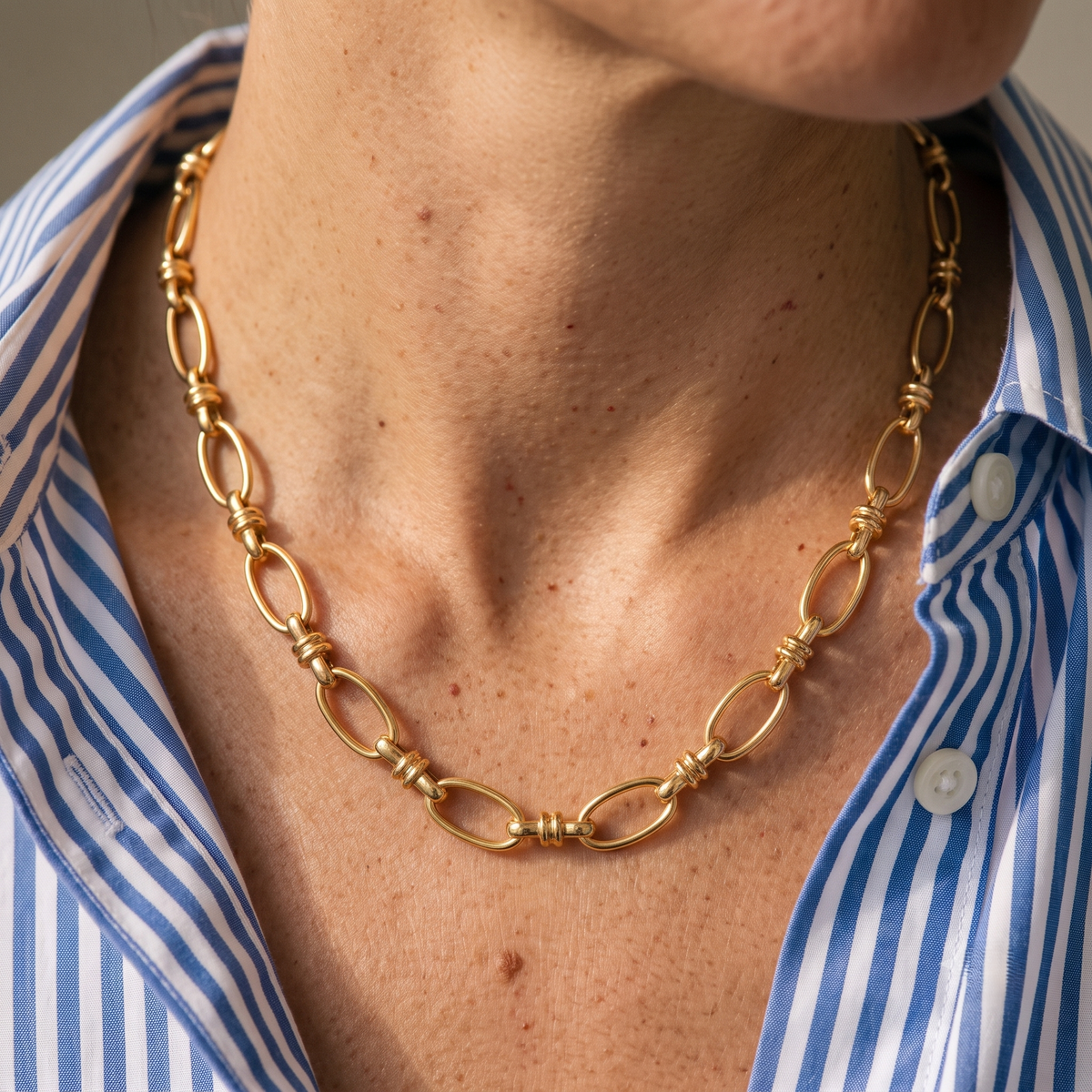 Luxy Interlocked Necklace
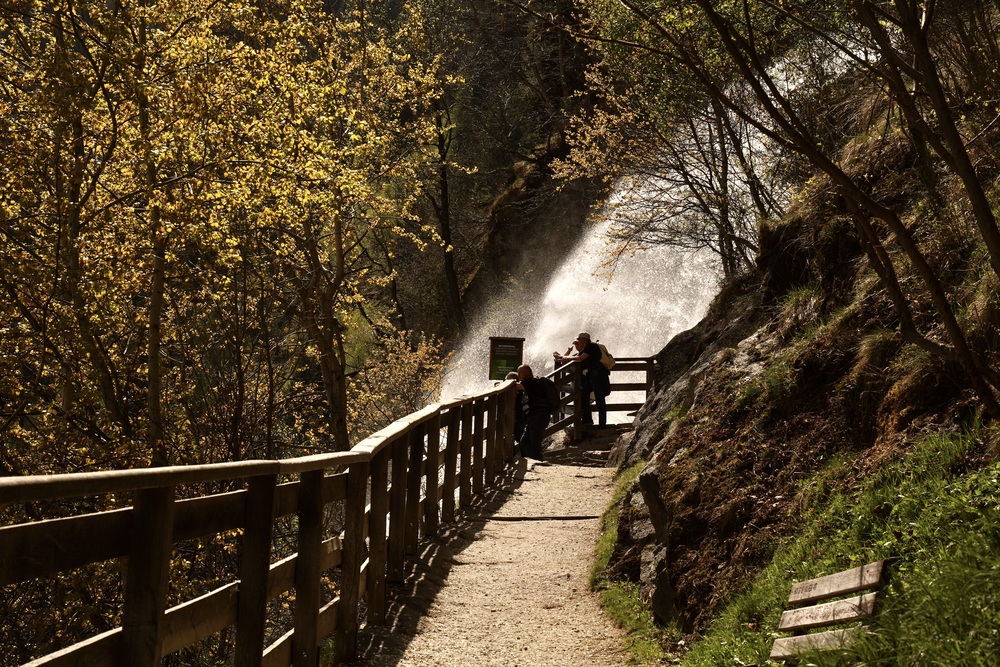 Voel het voorjaar in Zuid-Tirol | Kom wandelen en genieten tussen bergen en bloesem 11 Partschinser Wasserfall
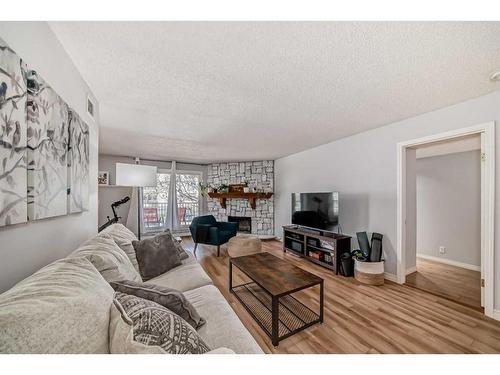 201-1625 14 Avenue Sw, Calgary, AB - Indoor Photo Showing Living Room
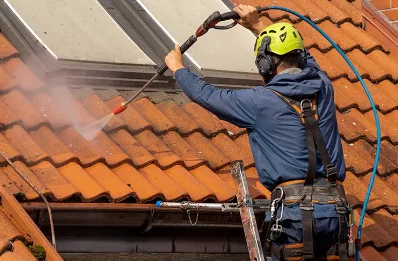 Démoussage et hydrofuge de toiture à Marpent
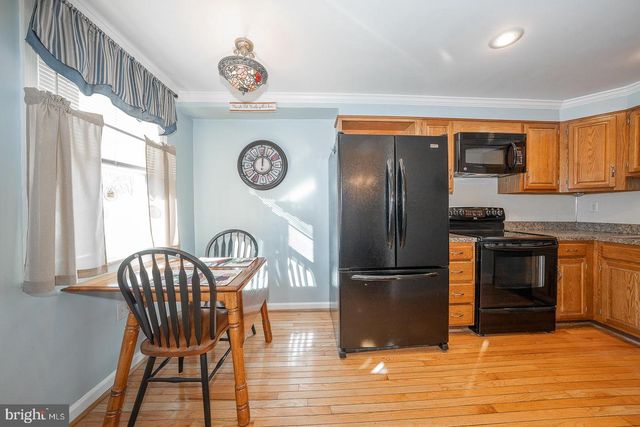 614 CRESCENT DR, Glenolden, PA 19036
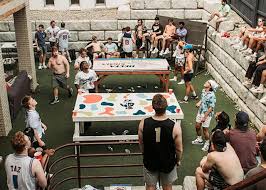 Shreveport family builds online book business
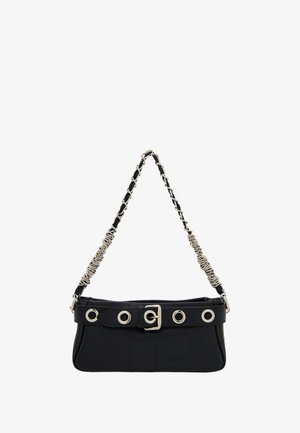 Juodas rankinės, pagamintos iš lygaus odos, su susuktos grandinės rankena, sidabro spalvos detalėmis ir sagtimi su skylutėmis.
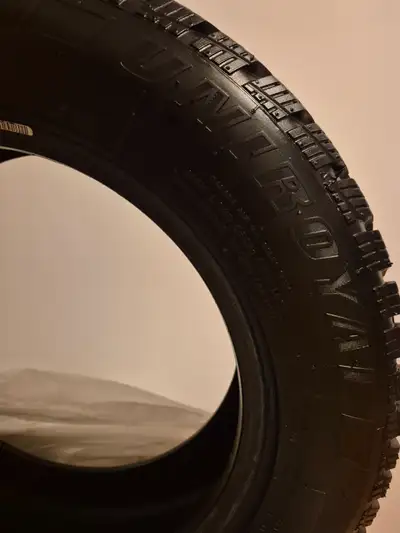 Je vends 4 pneus d’hiver Uniroyal en bon état, utilisés seulement 2 hivers. Ils étaient installés su...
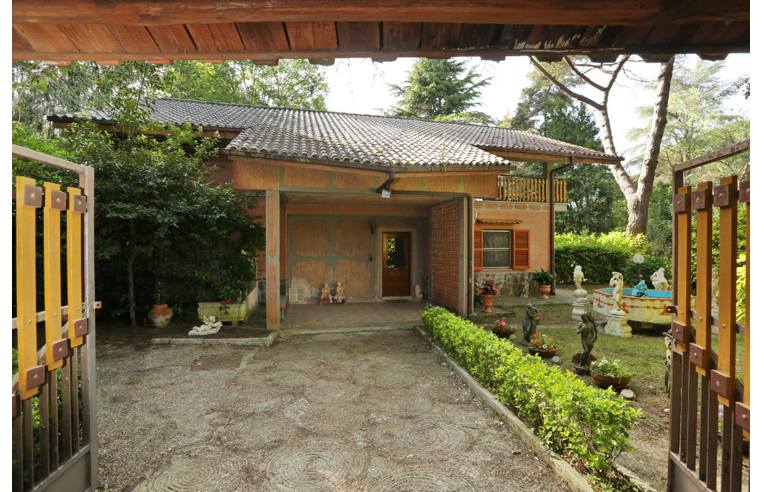 Villa in vendita a Ronciglione, Frazione Punta Del Lago, Via Rio Vicano 7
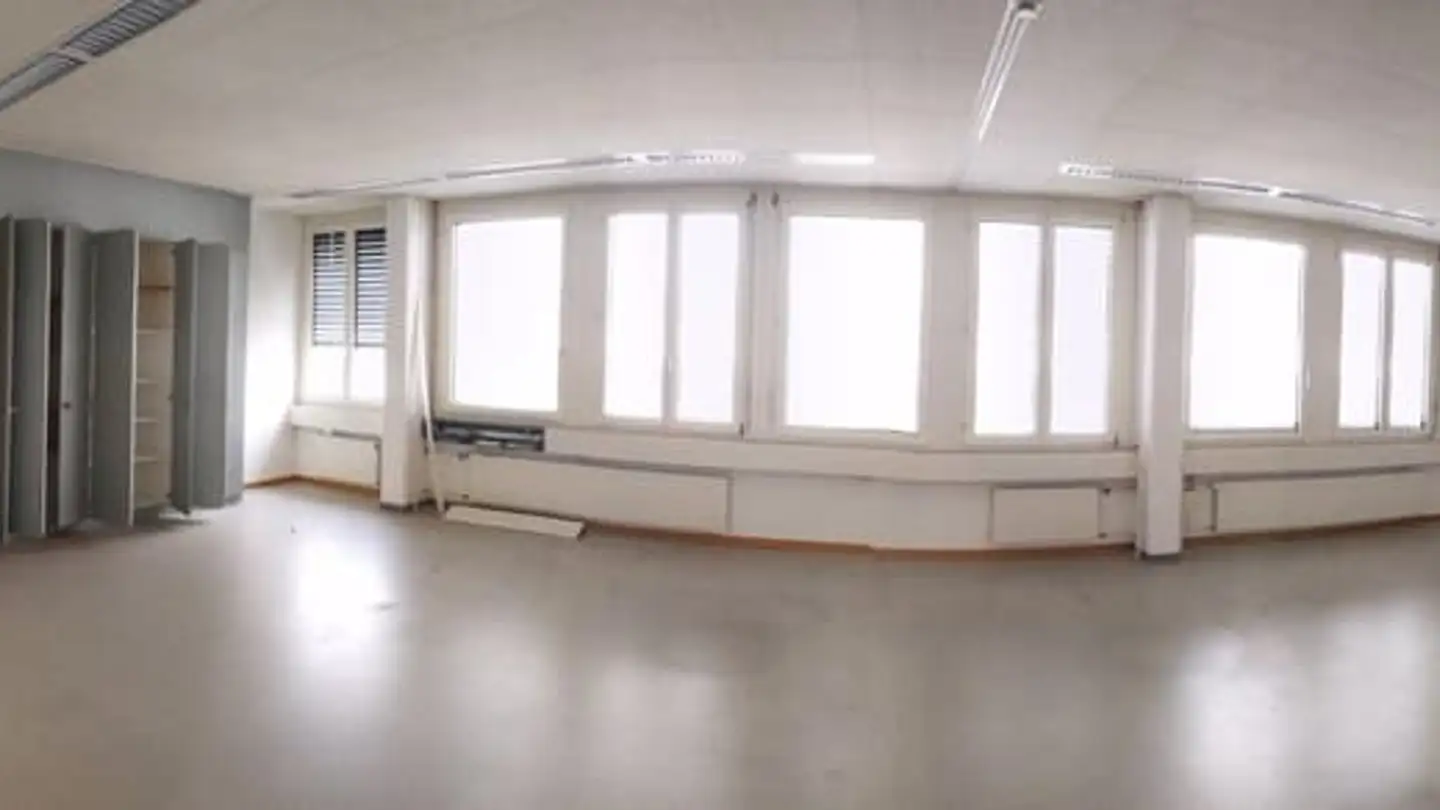Commercial for rent - Rue Fritz-Courvoisier 103, 2300 La Chaux-de-Fonds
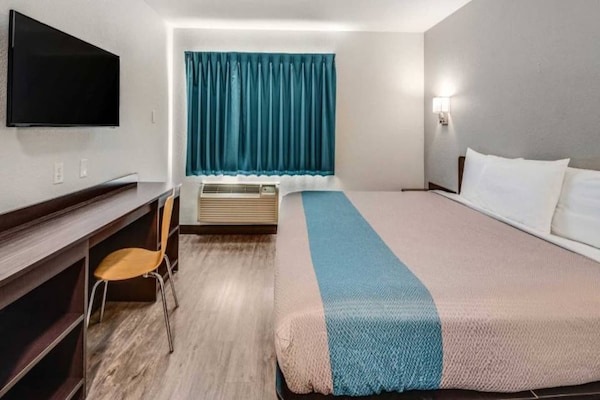 Foto van 1 kingsize bed | Badkuip met mobiele toegang | NSMK minikoelkast - BedRoom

◆ ◆ ◆ ◆

= PROMPT =
Word for word, print all of the data; skip the pictures.

= TASK RESULT =
 Luxy Interlocked Necklace
 Voel het voorjaar in Zuid-Tirol | Kom wandelen en genieten tussen bergen en bloesem 11 Partschinser Wasserfall
 201-1625 14 Avenue Sw, Calgary, AB - Indoor Photo Showing Living Room
 Démoussage et hydrofuge de toiture à Marpent
 614 CRESCENT DR, Glenolden, PA 19036
 Shreveport family builds online book business
 Juodas rankinės, pagamintos iš lygaus odos, su susuktos grandinės rankena, sidabro spalvos detalėmis ir sagtimi su skylutėmis.
 Je vends 4 pneus d’hiver Uniroyal en bon état, utilisés seulement 2 hivers. Ils étaient installés su...
 Villa in vendita a Ronciglione, Frazione Punta Del Lago, Via Rio Vicano 7
Commercial for rent - Rue Fritz-Courvoisier 103, 2300 La Chaux-de-Fonds
 Foto van 1 kingsize bed | Badkuip met mobiele toegang | NSMK minikoelkast - BedRoom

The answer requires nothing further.